Perhaps one of the least talked about but most insidious effects of converting much of our nation's (and others as well) farmland into factory farm monoculture is its impact on biodiversity. As a trained conservation biologist, alarm bells resounded in my mind when I saw the statistics and then saw first hand the endless fields of a single plant species, planted fence line to fence line without even a narrow strip left for a scant few native, or even non-native weeds. Biodiversity is a key component of ecological success, nature's secret of survival and evolution, the whole one thing connected to everything else noted by John Muir so many years ago. There can be no ecological benefit to this vast myopic conversion of land, and unless we change these practices long term we will see that the negative environmental events that can be linked to factory farm monoculture will only increase, and the impacts to our health and environment will increase as well, all things connected. I find it interesting that even "primitive" societies understood the value of intercropping, or mixing plant species in agriculture as evidenced with various crops for thousands of years in China, and by the famous "3 sisters" crops: squash, beans, and corn, utilized by native Americans.

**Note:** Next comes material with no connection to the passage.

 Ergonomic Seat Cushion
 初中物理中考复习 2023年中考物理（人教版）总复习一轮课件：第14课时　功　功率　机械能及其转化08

 http://www.npr.org/blogs/krulwich/2012/11/29/166156242/cornstalks-everywhere-but-nothing-else-not-even-a-bee

http://www.npr.org/blogs/thesalt/2013/03/01/173167125/wild-bees-are-good-for-crops-but-crops-are-bad-for-bees

I'll admit that when Dr. Kloot first proposed to me the idea of not turning over the soil in my garden I thought I misunderstood, so ingrained is the idea of "tilling the soil" in human culture. When he proposed the idea of planting not necessarily harvestable crops just to cover the soil I thought he was crazy. I have maintained a vegetable garden for most of my life whenever I could and had long ago given up fertilizers, pesticides, and chemicals in my garden. I thought I was very inventive by collecting neighborhood leaves in the fall and digging them into the soil in winter to decompose and provide nutrients (something I have since found out is similar to a practice called "hugulkultur"). This was a lot of work, and I did wonder each year that despite all my effort the surface of my garden's soil seemed hard, dry and desert like within a month of completing this work, but Dr. Kloot's ideas just seemed like a counter-intuitive leap of faith. It was only after reading Masanobu Fukuoka's treatise on natural farming, per Dr. Kloot's recommendation, that things clicked for me. It made perfect sense. If you disturb soil with tilling, you are allowing a sudden burst of microbial growth to occur from exposure to oxygen that quickly devours nutrients and carbon and leaves behind a starved wasteland. The unprotected and exposed soil is also very susceptible to erosion, and first to get washed away are any lighter organic particles that are beneficial to soil. But perhaps most importantly is that healthy soil contains an ecosystem, full of myriad insects, earthworms, microbes and others that, left undisturbed, perform varied and valuable functions that plants require. As an ecologist this should have been obvious to me, and this just demonstrates to me how deeply embeded are some of our ideas about agriculture. It's hard to think of the farm without the plough.

It is amazing to me now that Masanobu Fukuoka spent a lifetime demonstrating the value and efficacy of farming in harmony with the ecology of a region and that this lesson has been so effectively buried by the agriculture corporations and pesticide and fertilizer manufacturers, or neglected by our own hubris. There are better and less damaging ways to provide for our food needs. Please look up "One Straw Revolution".